** Try it **
Extract precisely the lines of the entries below, from the first line through the line containing "Horse Character Paper".

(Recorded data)
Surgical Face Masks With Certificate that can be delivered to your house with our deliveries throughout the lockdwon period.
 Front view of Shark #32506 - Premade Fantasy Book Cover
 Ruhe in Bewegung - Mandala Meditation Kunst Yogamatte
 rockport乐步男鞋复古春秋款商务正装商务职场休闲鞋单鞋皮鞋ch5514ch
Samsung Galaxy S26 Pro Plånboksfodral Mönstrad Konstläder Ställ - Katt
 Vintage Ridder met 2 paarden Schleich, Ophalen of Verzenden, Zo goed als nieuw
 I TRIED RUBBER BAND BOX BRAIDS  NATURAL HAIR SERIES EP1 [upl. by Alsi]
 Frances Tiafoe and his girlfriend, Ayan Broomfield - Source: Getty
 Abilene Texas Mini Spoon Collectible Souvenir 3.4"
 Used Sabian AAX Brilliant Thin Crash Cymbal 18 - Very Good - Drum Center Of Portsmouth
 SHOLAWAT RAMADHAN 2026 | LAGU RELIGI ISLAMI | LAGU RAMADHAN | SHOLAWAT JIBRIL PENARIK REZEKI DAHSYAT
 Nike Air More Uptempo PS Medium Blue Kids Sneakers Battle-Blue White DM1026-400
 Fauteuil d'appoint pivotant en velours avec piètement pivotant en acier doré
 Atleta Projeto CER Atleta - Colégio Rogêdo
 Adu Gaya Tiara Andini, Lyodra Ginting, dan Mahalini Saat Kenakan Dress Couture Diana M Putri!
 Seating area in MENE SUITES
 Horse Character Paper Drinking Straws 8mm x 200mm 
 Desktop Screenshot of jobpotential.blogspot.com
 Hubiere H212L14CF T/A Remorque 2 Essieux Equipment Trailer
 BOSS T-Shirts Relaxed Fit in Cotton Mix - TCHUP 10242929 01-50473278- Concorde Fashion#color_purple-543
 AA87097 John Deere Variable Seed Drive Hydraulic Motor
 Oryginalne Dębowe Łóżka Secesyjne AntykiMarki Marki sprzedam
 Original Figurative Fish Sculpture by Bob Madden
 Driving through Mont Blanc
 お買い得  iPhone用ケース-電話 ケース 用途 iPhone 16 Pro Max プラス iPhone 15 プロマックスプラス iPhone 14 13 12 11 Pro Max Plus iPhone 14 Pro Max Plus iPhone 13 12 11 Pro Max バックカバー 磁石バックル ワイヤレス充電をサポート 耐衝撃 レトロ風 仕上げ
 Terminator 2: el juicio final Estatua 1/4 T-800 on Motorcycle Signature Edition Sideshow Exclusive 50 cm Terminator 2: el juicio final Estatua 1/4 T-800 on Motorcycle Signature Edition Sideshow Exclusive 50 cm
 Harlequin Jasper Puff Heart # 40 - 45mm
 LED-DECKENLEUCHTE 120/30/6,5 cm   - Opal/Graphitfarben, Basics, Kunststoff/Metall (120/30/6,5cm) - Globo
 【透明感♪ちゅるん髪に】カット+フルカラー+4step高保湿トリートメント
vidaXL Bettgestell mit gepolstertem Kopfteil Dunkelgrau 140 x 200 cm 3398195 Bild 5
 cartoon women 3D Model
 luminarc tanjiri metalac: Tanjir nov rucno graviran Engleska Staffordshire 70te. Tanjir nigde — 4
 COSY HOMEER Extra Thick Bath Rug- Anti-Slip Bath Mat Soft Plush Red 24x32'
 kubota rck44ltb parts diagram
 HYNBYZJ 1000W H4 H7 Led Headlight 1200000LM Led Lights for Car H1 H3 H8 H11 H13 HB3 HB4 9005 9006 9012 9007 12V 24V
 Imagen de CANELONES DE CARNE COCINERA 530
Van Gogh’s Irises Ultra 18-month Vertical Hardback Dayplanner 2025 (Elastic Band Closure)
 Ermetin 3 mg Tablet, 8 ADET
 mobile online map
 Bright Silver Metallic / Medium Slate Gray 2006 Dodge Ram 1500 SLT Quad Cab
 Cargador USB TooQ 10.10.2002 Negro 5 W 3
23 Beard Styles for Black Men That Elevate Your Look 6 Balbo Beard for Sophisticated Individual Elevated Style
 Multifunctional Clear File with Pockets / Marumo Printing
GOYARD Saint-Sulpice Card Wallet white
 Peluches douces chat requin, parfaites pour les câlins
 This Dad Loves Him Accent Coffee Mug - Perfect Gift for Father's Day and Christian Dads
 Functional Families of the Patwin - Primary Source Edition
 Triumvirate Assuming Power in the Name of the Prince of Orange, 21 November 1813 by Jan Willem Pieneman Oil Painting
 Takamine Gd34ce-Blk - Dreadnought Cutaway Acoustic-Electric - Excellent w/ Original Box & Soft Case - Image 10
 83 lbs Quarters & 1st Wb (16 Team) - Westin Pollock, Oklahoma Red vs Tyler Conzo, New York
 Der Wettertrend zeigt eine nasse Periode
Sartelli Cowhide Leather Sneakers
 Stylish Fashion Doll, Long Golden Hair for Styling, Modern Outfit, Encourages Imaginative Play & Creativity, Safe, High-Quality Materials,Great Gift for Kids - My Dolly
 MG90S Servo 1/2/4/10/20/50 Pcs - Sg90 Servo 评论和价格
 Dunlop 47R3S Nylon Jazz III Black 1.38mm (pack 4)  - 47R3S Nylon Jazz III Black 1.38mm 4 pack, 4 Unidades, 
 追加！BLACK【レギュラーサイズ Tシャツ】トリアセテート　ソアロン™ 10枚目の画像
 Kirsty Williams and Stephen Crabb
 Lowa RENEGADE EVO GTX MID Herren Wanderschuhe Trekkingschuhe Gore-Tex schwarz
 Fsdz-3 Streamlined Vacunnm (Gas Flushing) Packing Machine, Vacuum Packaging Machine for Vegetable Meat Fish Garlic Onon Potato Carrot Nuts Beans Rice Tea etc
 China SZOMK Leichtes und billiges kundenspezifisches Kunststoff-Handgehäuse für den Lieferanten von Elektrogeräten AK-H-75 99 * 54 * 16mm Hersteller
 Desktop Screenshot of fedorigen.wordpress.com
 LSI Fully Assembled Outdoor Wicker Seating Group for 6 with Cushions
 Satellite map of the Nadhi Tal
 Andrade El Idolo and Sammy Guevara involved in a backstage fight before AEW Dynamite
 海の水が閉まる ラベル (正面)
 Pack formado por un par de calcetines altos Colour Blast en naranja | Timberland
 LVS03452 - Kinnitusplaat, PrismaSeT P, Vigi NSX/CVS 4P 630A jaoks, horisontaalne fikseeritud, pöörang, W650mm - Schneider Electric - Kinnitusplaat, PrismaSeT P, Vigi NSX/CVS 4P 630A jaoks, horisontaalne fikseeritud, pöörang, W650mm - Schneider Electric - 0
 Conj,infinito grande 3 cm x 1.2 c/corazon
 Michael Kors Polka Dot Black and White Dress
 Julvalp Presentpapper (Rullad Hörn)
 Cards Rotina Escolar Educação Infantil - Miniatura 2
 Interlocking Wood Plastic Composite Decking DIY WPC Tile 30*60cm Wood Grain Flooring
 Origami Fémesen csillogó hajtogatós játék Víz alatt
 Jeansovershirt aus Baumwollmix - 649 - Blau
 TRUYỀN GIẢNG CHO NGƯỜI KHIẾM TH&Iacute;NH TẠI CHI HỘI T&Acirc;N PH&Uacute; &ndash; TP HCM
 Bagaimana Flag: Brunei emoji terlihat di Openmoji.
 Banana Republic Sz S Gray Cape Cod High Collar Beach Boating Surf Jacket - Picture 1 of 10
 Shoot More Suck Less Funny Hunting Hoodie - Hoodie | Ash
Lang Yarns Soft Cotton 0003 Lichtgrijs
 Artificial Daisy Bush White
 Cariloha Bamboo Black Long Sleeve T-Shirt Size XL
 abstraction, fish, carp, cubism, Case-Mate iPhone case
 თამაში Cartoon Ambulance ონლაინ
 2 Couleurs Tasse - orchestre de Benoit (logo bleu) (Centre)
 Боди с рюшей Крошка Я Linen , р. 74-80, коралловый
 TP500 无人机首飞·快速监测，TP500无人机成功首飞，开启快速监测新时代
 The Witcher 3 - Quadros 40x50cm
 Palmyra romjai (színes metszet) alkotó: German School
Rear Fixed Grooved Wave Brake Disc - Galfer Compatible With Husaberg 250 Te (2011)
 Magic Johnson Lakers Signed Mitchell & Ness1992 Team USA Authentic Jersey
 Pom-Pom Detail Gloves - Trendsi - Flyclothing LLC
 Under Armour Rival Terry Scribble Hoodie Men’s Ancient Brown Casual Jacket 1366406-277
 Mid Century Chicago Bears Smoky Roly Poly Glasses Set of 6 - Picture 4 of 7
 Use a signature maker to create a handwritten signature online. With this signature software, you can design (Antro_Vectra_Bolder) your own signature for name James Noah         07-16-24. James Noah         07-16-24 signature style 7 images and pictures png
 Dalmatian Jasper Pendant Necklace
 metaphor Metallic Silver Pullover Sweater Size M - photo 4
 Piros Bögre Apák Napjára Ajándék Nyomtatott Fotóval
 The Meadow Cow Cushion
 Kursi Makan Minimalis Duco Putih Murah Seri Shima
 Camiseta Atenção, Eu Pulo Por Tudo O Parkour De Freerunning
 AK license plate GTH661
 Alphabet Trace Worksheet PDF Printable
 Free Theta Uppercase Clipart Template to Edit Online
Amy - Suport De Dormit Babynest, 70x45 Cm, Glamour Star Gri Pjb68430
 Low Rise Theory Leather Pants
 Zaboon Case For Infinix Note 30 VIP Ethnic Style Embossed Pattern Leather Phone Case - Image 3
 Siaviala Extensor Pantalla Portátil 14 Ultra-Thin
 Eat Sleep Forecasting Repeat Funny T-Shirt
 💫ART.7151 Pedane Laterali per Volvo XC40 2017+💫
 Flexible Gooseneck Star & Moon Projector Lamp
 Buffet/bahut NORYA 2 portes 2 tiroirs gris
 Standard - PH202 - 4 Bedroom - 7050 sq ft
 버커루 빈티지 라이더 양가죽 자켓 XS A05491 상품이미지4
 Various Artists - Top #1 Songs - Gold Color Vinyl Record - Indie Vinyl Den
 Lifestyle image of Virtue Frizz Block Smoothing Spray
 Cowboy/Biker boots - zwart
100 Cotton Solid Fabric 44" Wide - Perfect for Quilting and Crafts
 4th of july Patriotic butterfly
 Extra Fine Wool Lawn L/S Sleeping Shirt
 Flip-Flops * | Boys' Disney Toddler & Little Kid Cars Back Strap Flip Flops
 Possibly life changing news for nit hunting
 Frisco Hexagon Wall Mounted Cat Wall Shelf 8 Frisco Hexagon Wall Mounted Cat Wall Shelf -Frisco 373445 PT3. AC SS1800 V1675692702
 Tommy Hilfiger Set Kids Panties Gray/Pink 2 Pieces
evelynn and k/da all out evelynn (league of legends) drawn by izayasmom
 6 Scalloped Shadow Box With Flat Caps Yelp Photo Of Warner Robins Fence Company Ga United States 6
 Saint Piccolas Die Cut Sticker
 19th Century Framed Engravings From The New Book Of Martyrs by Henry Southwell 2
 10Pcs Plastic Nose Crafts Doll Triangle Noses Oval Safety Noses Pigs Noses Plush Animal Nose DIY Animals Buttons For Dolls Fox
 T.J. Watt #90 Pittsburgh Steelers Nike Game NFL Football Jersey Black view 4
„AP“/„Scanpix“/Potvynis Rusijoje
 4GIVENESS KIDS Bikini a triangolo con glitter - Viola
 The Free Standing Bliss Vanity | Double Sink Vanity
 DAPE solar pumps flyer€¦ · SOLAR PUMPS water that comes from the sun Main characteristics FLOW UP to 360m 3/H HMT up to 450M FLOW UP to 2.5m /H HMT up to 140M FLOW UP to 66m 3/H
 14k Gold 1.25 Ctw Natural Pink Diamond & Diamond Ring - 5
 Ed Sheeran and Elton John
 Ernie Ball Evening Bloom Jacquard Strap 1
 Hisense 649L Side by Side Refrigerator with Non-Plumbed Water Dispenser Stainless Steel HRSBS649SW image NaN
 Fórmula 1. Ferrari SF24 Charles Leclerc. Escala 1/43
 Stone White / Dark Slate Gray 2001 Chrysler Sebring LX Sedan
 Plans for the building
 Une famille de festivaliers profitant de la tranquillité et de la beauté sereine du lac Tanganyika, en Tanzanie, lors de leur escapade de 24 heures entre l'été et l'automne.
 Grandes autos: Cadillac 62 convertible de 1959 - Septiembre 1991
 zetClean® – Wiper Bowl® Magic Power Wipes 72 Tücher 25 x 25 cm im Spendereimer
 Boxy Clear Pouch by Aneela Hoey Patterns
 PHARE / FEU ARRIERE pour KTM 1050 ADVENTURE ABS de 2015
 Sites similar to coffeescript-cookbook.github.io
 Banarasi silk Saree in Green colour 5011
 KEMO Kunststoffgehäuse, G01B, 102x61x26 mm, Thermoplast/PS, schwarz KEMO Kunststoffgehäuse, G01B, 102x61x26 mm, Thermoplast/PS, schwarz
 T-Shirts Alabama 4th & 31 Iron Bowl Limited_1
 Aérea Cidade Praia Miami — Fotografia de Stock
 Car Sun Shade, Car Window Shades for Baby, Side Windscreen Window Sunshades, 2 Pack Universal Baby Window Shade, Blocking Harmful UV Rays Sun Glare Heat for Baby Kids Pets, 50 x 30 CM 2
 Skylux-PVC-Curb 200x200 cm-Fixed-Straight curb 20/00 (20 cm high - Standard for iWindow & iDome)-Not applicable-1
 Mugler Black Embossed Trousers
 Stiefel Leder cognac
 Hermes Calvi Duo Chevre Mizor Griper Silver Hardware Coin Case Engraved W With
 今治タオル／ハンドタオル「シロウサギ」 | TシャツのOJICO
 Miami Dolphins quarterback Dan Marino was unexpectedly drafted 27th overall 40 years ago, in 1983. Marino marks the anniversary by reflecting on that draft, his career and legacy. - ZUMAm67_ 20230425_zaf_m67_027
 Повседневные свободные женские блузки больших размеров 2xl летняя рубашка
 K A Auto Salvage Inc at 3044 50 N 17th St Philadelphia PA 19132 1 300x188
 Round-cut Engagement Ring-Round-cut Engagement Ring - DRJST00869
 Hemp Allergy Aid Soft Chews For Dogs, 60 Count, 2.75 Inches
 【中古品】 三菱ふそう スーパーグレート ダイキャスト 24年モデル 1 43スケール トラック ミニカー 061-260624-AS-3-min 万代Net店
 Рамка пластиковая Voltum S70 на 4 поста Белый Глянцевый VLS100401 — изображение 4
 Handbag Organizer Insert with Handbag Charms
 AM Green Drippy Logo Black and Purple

** Problem solution **
Surgical Face Masks With Certificate that can be delivered to your house with our deliveries throughout the lockdwon period.
 Front view of Shark #32506 - Premade Fantasy Book Cover
 Ruhe in Bewegung - Mandala Meditation Kunst Yogamatte
 rockport乐步男鞋复古春秋款商务正装商务职场休闲鞋单鞋皮鞋ch5514ch
Samsung Galaxy S26 Pro Plånboksfodral Mönstrad Konstläder Ställ - Katt
 Vintage Ridder met 2 paarden Schleich, Ophalen of Verzenden, Zo goed als nieuw
 I TRIED RUBBER BAND BOX BRAIDS  NATURAL HAIR SERIES EP1 [upl. by Alsi]
 Frances Tiafoe and his girlfriend, Ayan Broomfield - Source: Getty
 Abilene Texas Mini Spoon Collectible Souvenir 3.4"
 Used Sabian AAX Brilliant Thin Crash Cymbal 18 - Very Good - Drum Center Of Portsmouth
 SHOLAWAT RAMADHAN 2026 | LAGU RELIGI ISLAMI | LAGU RAMADHAN | SHOLAWAT JIBRIL PENARIK REZEKI DAHSYAT
 Nike Air More Uptempo PS Medium Blue Kids Sneakers Battle-Blue White DM1026-400
 Fauteuil d'appoint pivotant en velours avec piètement pivotant en acier doré
 Atleta Projeto CER Atleta - Colégio Rogêdo
 Adu Gaya Tiara Andini, Lyodra Ginting, dan Mahalini Saat Kenakan Dress Couture Diana M Putri!
 Seating area in MENE SUITES
 Horse Character Paper Drinking Straws 8mm x 200mm 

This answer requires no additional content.